According to the North American Standard Industry Classification System and the International Standard Industrial Classification of All Economic Activities there are two major sectors in the economy: the goods-producing sector and the service-producing sector. The goods-producing sector includes agriculture, forestry, and fishing; mining; construction; and manufacturing. The service-producing sector includes the divisions of (1) transportation, communications, and utilities; (2) wholesale trade; (3) retail trade; (4) finance, insurance, and real estate; (5) public administration; and (6) services. This sixth group—the services division—includes a number of industries.

Lalo Duron, PhD, Mexican author, stated the foundations in his book Alive & Well!, where he proposed the COS Model, a pragmatic management model to earn and keep customers' loyalty, using three strategies: Impeccable offer, integrated marketing communications, and a customer centricity. Talking about impeccable service, he said "an impeccable offer is the most important element to have a satisfied, loyal customer. When a company designs the service to achieve or exceed what its customers expect, customer retention is the highest probability result".

Mexican Service 4.0 thinkers like Rodrigo Fernández and Yami Almaguer see it as a customer experience enabler: as an organization promises to fulfill or exceed customers' expectations, the service blueprint is a simple tool to accomplish it.

== The service blueprint ==
In 2008, Bitner, Ostrom and Morgan departed from the idea that services are processes designed to deliver customer experiences, and to control their output they proposed the Service Blueprint, a visual tool to design the services and compare the desired service against the actual delivery, and make the necessary adjustments to design the moments of truth (as proposed by Carlzon) and assure quality.

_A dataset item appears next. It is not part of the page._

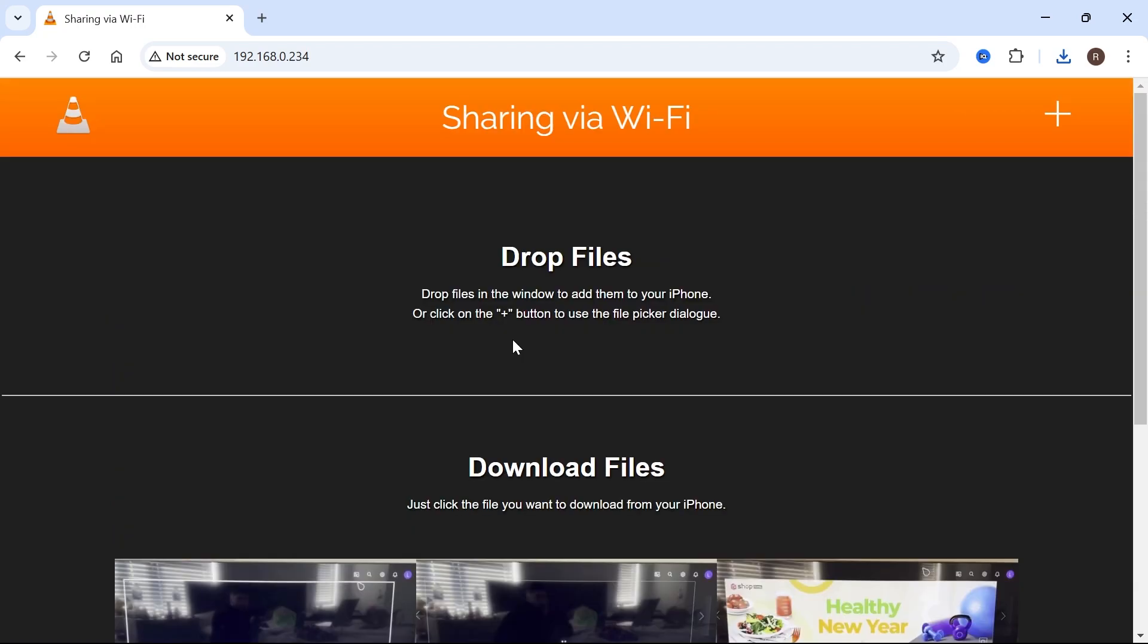And that's it. That's how you send videos from your iPhone to your laptop. If you did find this video helpful, let me know in the comments and I'll see you in the next one.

The service blueprint has five components, all subject to a timeline, so all the organization needs to deliver impeccable service is taken into consideration:

1. Customer actions
2. Onstage, visible contact employee or device actions
3. Backstage, invisible contact employee or device actions
4. Support processes
5. Physical evidence

The service blueprint is a method to address the challenges organizations face to design and deliver top class services to exceed customers' expectations.